O 2:20 w nocy z niedzieli na poniedziałek oficer dyżurny sądeckiej komendy policji otrzymał zgłoszenie o kradzieży osobowego Renault z jednej z posesji w powiecie nowosądeckim. O sprawie natychmiast poinformowano wszystkie patrole pełniące służbę w regionie.
– Kiedy jeden z patroli zauważył skradziony samochód poruszający się drogą, policjanci natychmiast podali wyraźne sygnały do zatrzymania. Mimo to kierujący nie zatrzymał pojazdu, w związku z czym funkcjonariusze podjęli za nim pościg, który był prowadzony na terenie kilku miejscowości, a w rejon działań zostały skierowane dodatkowe patrole – informuje sierż. Monika Mordarska z KMP w Nowym Sączu.
Finalnie Renault udało się zatrzymać na moście granicznym na rzece Poprad. Tam policjanci z obu stron wyprzedzili skradzione auto i zatrzymali w poprzek drogi swoje radiowozy, skutecznie blokując przejazd.
– Jak się okazało, w pojeździe znajdowało się dwóch mężczyzn, którzy byli nietrzeźwi. Nie wykonywali oni poleceń funkcjonariuszy, dlatego zostały wobec nich użyte środki przymusu bezpośredniego. 21-latek i 28-latek zostali przewiezieni do Komendy Miejskiej Policji w Nowym Sączu – relacjonuje sierż. Mordarska.
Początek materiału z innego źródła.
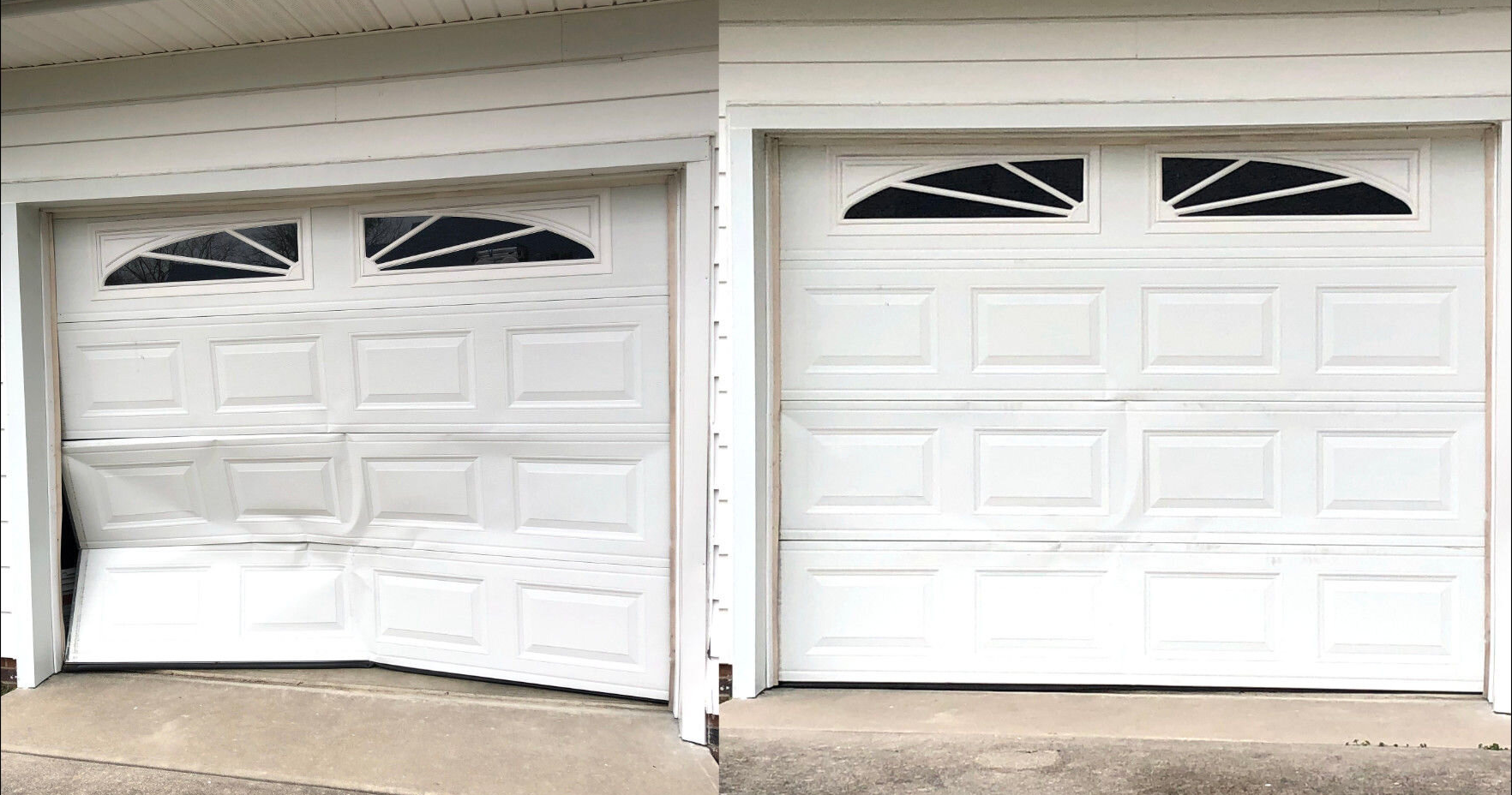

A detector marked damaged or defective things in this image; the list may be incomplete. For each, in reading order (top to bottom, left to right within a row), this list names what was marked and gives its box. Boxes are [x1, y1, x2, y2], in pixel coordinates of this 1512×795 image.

Jak dodaje policjantka, w trakcie pościgu kierowca skradzionego Renault uszkodził dwa radiowozy. Zatrzymani mężczyźni usłyszeli zarzut kradzieży. Co więcej, 21-letni kierowca odpowie za prowadzenie w stanie nietrzeźwości, niewykonanie polecenia zatrzymania pojazdu, narażenie na niebezpieczeństwo utraty życia albo ciężkiego uszczerbku na zdrowiu oraz zniszczenie cudzej rzeczy.
Na wniosek Prokuratury Sąd Rejonowy postanowił, że mężczyzna spędzi w areszcie najbliższe trzy miesiące.